Problem requirements: Give back the entries below verbatim.

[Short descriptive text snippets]
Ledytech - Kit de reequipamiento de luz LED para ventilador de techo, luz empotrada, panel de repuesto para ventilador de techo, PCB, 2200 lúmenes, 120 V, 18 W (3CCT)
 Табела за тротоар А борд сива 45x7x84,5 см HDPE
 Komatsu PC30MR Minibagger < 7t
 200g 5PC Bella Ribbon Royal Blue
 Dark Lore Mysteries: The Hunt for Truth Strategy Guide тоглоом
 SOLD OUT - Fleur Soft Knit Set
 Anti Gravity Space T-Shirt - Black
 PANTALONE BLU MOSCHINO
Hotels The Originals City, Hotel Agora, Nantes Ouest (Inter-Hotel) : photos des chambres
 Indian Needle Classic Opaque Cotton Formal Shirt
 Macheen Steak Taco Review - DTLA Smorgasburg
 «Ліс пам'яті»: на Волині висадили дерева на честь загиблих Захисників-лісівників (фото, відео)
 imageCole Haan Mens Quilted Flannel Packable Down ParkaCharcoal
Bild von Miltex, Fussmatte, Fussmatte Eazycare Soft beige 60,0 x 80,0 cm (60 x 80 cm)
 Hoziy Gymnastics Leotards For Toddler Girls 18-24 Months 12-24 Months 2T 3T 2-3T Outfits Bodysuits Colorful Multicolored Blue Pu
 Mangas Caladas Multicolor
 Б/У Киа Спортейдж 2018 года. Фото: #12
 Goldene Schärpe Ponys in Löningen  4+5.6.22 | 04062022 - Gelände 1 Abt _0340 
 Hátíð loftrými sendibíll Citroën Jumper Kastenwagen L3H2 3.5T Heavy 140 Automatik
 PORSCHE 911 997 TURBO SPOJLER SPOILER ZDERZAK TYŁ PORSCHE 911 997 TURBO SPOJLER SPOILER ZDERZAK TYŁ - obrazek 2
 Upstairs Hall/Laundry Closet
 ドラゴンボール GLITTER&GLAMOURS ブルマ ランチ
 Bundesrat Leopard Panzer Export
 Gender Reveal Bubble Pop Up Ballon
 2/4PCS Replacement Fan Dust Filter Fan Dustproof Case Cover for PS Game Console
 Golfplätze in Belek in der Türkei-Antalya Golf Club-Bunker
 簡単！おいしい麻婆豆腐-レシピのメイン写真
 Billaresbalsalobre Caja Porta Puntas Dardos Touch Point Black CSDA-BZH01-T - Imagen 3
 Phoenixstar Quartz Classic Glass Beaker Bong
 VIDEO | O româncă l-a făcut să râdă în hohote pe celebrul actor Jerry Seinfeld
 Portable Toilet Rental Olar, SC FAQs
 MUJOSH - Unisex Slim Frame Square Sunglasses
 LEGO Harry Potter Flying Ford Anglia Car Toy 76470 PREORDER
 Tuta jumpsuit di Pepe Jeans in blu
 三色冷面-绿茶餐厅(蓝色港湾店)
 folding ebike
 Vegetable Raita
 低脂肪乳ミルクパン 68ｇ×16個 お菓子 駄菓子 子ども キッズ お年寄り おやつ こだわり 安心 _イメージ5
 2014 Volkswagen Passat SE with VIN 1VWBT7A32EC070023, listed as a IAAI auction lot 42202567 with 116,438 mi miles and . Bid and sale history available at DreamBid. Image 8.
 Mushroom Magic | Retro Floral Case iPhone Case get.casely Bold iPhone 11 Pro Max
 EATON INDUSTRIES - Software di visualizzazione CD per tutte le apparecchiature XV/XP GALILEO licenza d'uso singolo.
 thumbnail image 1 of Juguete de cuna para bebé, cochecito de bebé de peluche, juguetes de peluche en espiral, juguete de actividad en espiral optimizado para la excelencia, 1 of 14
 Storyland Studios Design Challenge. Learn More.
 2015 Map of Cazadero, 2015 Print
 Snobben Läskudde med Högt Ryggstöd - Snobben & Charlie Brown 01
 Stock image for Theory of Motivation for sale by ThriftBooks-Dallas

Task response:
Ledytech - Kit de reequipamiento de luz LED para ventilador de techo, luz empotrada, panel de repuesto para ventilador de techo, PCB, 2200 lúmenes, 120 V, 18 W (3CCT)
 Табела за тротоар А борд сива 45x7x84,5 см HDPE
 Komatsu PC30MR Minibagger < 7t
 200g 5PC Bella Ribbon Royal Blue
 Dark Lore Mysteries: The Hunt for Truth Strategy Guide тоглоом
 SOLD OUT - Fleur Soft Knit Set
 Anti Gravity Space T-Shirt - Black
 PANTALONE BLU MOSCHINO
Hotels The Originals City, Hotel Agora, Nantes Ouest (Inter-Hotel) : photos des chambres
 Indian Needle Classic Opaque Cotton Formal Shirt
 Macheen Steak Taco Review - DTLA Smorgasburg
 «Ліс пам'яті»: на Волині висадили дерева на честь загиблих Захисників-лісівників (фото, відео)
 imageCole Haan Mens Quilted Flannel Packable Down ParkaCharcoal
Bild von Miltex, Fussmatte, Fussmatte Eazycare Soft beige 60,0 x 80,0 cm (60 x 80 cm)
 Hoziy Gymnastics Leotards For Toddler Girls 18-24 Months 12-24 Months 2T 3T 2-3T Outfits Bodysuits Colorful Multicolored Blue Pu
 Mangas Caladas Multicolor
 Б/У Киа Спортейдж 2018 года. Фото: #12
 Goldene Schärpe Ponys in Löningen  4+5.6.22 | 04062022 - Gelände 1 Abt _0340 
 Hátíð loftrými sendibíll Citroën Jumper Kastenwagen L3H2 3.5T Heavy 140 Automatik
 PORSCHE 911 997 TURBO SPOJLER SPOILER ZDERZAK TYŁ PORSCHE 911 997 TURBO SPOJLER SPOILER ZDERZAK TYŁ - obrazek 2
 Upstairs Hall/Laundry Closet
 ドラゴンボール GLITTER&GLAMOURS ブルマ ランチ
 Bundesrat Leopard Panzer Export
 Gender Reveal Bubble Pop Up Ballon
 2/4PCS Replacement Fan Dust Filter Fan Dustproof Case Cover for PS Game Console
 Golfplätze in Belek in der Türkei-Antalya Golf Club-Bunker
 簡単！おいしい麻婆豆腐-レシピのメイン写真
 Billaresbalsalobre Caja Porta Puntas Dardos Touch Point Black CSDA-BZH01-T - Imagen 3
 Phoenixstar Quartz Classic Glass Beaker Bong
 VIDEO | O româncă l-a făcut să râdă în hohote pe celebrul actor Jerry Seinfeld
 Portable Toilet Rental Olar, SC FAQs
 MUJOSH - Unisex Slim Frame Square Sunglasses
 LEGO Harry Potter Flying Ford Anglia Car Toy 76470 PREORDER
 Tuta jumpsuit di Pepe Jeans in blu
 三色冷面-绿茶餐厅(蓝色港湾店)
 folding ebike
 Vegetable Raita
 低脂肪乳ミルクパン 68ｇ×16個 お菓子 駄菓子 子ども キッズ お年寄り おやつ こだわり 安心 _イメージ5
 2014 Volkswagen Passat SE with VIN 1VWBT7A32EC070023, listed as a IAAI auction lot 42202567 with 116,438 mi miles and . Bid and sale history available at DreamBid. Image 8.
 Mushroom Magic | Retro Floral Case iPhone Case get.casely Bold iPhone 11 Pro Max
 EATON INDUSTRIES - Software di visualizzazione CD per tutte le apparecchiature XV/XP GALILEO licenza d'uso singolo.
 thumbnail image 1 of Juguete de cuna para bebé, cochecito de bebé de peluche, juguetes de peluche en espiral, juguete de actividad en espiral optimizado para la excelencia, 1 of 14
 Storyland Studios Design Challenge. Learn More.
 2015 Map of Cazadero, 2015 Print
 Snobben Läskudde med Högt Ryggstöd - Snobben & Charlie Brown 01
 Stock image for Theory of Motivation for sale by ThriftBooks-Dallas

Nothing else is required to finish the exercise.